Comment 5 Jakub Jelinek 2021-11-01 11:29:50 UTC
What we see is an effect of 3 different optimizations, one is loop unrolling (cunroll in this case), another one is ivopts that moves the h array references out of the loops but still has separate:
  ivtmp.40_47 = (unsigned long) &h;
  _17 = (unsigned long) &h;
  _30 = _17 + 96;
...
  h ={v} {CLOBBER};
  ivtmp.30_33 = (unsigned long) &h;
  _41 = (unsigned long) &h;
  _36 = _41 + 96;
and finally dom3's VN which replaces ivtmp.30_33 initializer with ivtmp.40_47
and _36 with _30.
If what the cfg expand var partition code is as designed (I think other passes do it too, e.g. compute_live_vars/live_vars_at_stmt relies on it too), then we need to somehow avoid VN of &var across var ={v} {CLOBBER} stmt, but it isn't really clear to me how.
Unless we change loop unrolling so that the different loop iterations if there is a var clobber in the loop actually have different variables (the first iteration the original var and other iterations that var's copies; perhaps only for addressable vars?).  Then naturally VN couldn't merge those and the RTL partitioning code could decide to put them into the same or different partition and later RTL opts could CSE the addresses.
Comment 6 Richard Biener 2021-11-02 07:17:11 UTC
Isn't this another case of the still unsolved PR90348?
Comment 7 Jakub Jelinek 2021-11-02 07:57:57 UTC
Looks like that.
What do you think about unrolling making variable copies?  We'd need to be sure that the scope of the variable is the loop we are unrolling though (or something nested in it).
Comment 8 rguenther@suse.de 2021-11-02 08:10:57 UTC
On Tue, 2 Nov 2021, jakub at gcc dot gnu.org wrote:

> https://gcc.gnu.org/bugzilla/show_bug.cgi?id=103006
> 
> --- Comment #7 from Jakub Jelinek <jakub at gcc dot gnu.org> ---
> Looks like that.
> What do you think about unrolling making variable copies?  We'd need to be sure
> that the scope of the variable is the loop we are unrolling though (or
> something nested in it).

Being able to determine that would solve the very issue we're trying
to fix with making the copy.  The problem is that we put in CLOBBERs
based on the original BINDs but later optimizers do not respect the
birth boundary.  If we can figure that out we could ignore the
respective CLOBBERs for the CFG expansion live compute as well.

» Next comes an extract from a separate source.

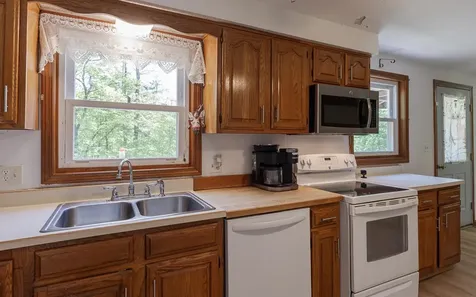 353 North Street Jaffrey NH 03452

I think we may be able to compute the CFG SCC a CLOBBER resides in
and in case the CLOBBERed variable is live-in into that SCC we cannot
prune it with that CLOBBER.  Or so.
Comment 9 Jakub Jelinek 2021-11-02 08:20:34 UTC
We don't have that many unrolling passes though, and perhaps we could use compute_live_vars and decide based on that.  Though I guess the addresses of the vars could be even then hoisted before such loops, though it is unclear why it would be done, it can't be VN because the vars don't exist outside of the loop.
Say LIM can do that though...
Comment 10 rguenther@suse.de 2021-11-02 13:55:55 UTC
On Tue, 2 Nov 2021, jakub at gcc dot gnu.org wrote:

> https://gcc.gnu.org/bugzilla/show_bug.cgi?id=103006
> 
> Jakub Jelinek <jakub at gcc dot gnu.org> changed:
> 
>            What    |Removed                     |Added
> ----------------------------------------------------------------------------
>            Keywords|ra                          |
> 
> --- Comment #9 from Jakub Jelinek <jakub at gcc dot gnu.org> ---
> We don't have that many unrolling passes though, and perhaps we could use
> compute_live_vars and decide based on that.  Though I guess the addresses of
> the vars could be even then hoisted before such loops, though it is unclear why
> it would be done, it can't be VN because the vars don't exist outside of the
> loop.
> Say LIM can do that though...

Yes, LIM can do it as can loop header copying or jump threading that
happens to peel an iteration.  Also there's no dataflow barrier that
prevents addresses from being moved so that "no pass does this" isn't
a good excuse.

That said, I think the fix is to the code computing stack slot reuse.
Comment 11 Richard Biener 2022-01-31 10:52:46 UTC
(In reply to rguenther@suse.de from comment #8)
> On Tue, 2 Nov 2021, jakub at gcc dot gnu.org wrote:
> 
> > https://gcc.gnu.org/bugzilla/show_bug.cgi?id=103006
> > 
> > --- Comment #7 from Jakub Jelinek <jakub at gcc dot gnu.org> ---
> > Looks like that.
> > What do you think about unrolling making variable copies?  We'd need to be sure
> > that the scope of the variable is the loop we are unrolling though (or
> > something nested in it).
> 
> Being able to determine that would solve the very issue we're trying
> to fix with making the copy.  The problem is that we put in CLOBBERs
> based on the original BINDs but later optimizers do not respect the
> birth boundary.  If we can figure that out we could ignore the
> respective CLOBBERs for the CFG expansion live compute as well.
> 
> I think we may be able to compute the CFG SCC a CLOBBER resides in
> and in case the CLOBBERed variable is live-in into that SCC we cannot
> prune it with that CLOBBER.  Or so.

Tried that but while it solves PR97821 it doesn't fix the case in this bug
because there the CLOBBER that breaks things is not inside a SCC but the
issue in this case is that not all accesses to 'h' also mention h and thus
we miss to make 'h' live again after the CLOBBER.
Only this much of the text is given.